Take the lines from the head of the listing through the one bearing "Платье Aira Style 24427 Шоколадный" and copy them exactly, leaving every picture out.
[Task inputs]
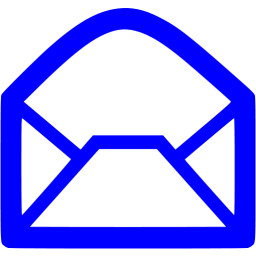 256x256 Blue Email Icon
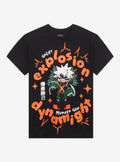hero anime Bakugo Dynamight Name Puff Print T-Shirt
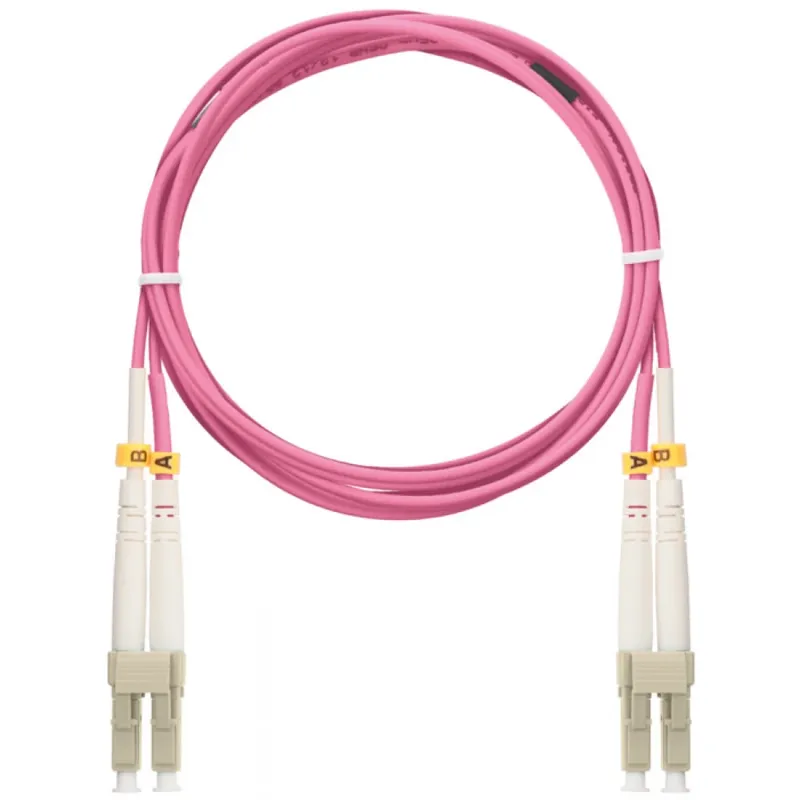 NIKOMAX Fiber Optic LC/UPC Conector Lila 5m NMF-PC2M4C2-LCU-LCU-005 Preț redus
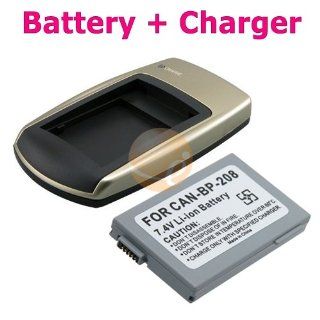 Canon BP 208 compatible Li ion Battery and Charger Set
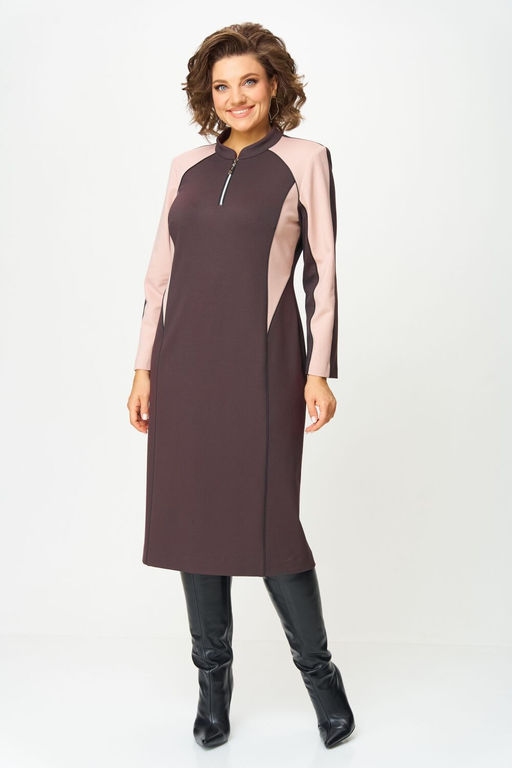Платье Aira Style 24427 Шоколадный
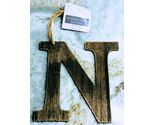 Wood Monogram Letter “N” Christmas Tree Ornament. 5.5x5.5inches - $18.69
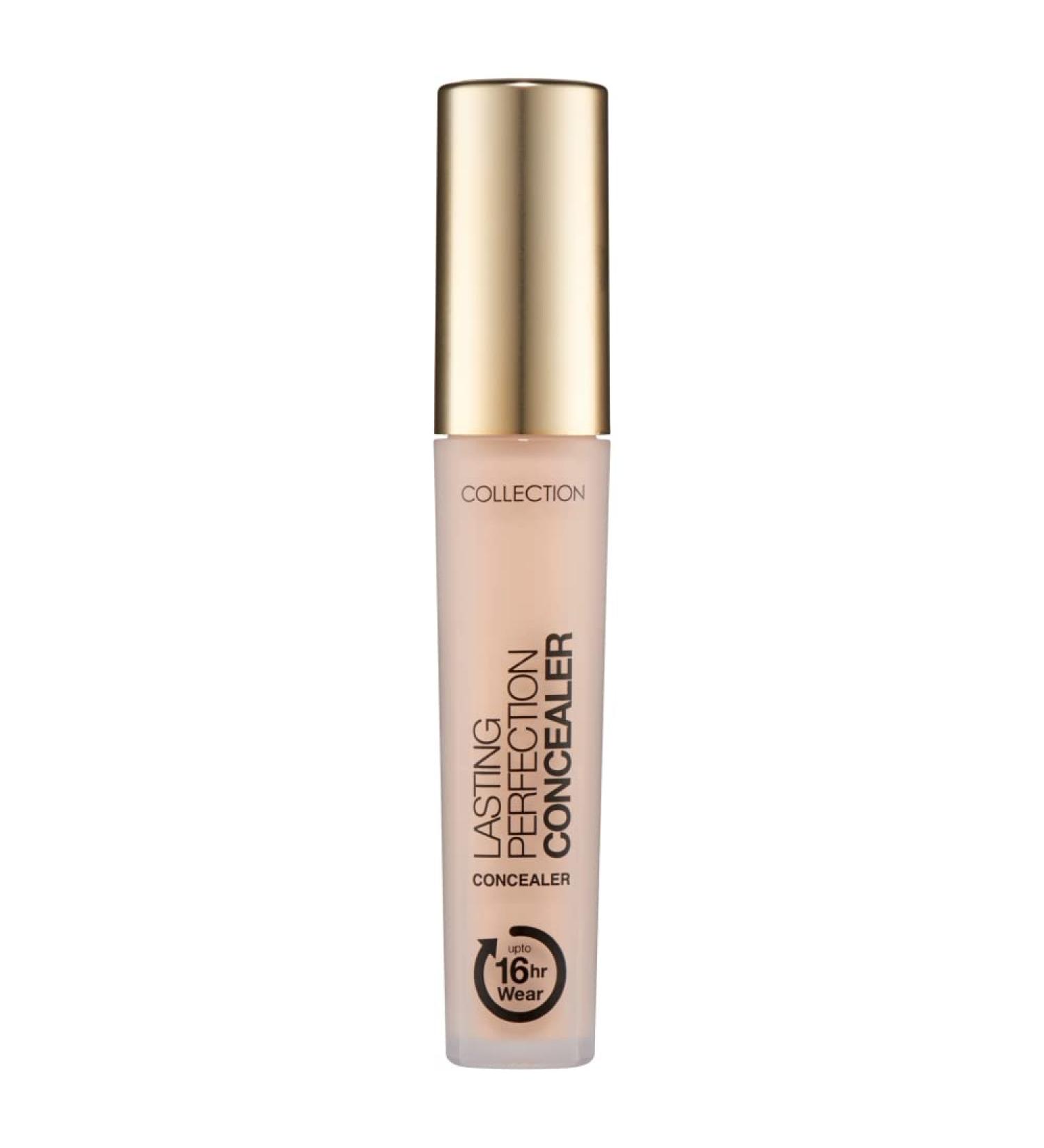 Collection Cosmetics Lasting Perfection Concealer in Cashew - 16-Hour Wear & Long-Lasting Formula - Buy Online on SooperMarket.com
[/Task inputs]
Response area
 256x256 Blue Email Icon
hero anime Bakugo Dynamight Name Puff Print T-Shirt
 NIKOMAX Fiber Optic LC/UPC Conector Lila 5m NMF-PC2M4C2-LCU-LCU-005 Preț redus
 Canon BP 208 compatible Li ion Battery and Charger Set
Платье Aira Style 24427 Шоколадный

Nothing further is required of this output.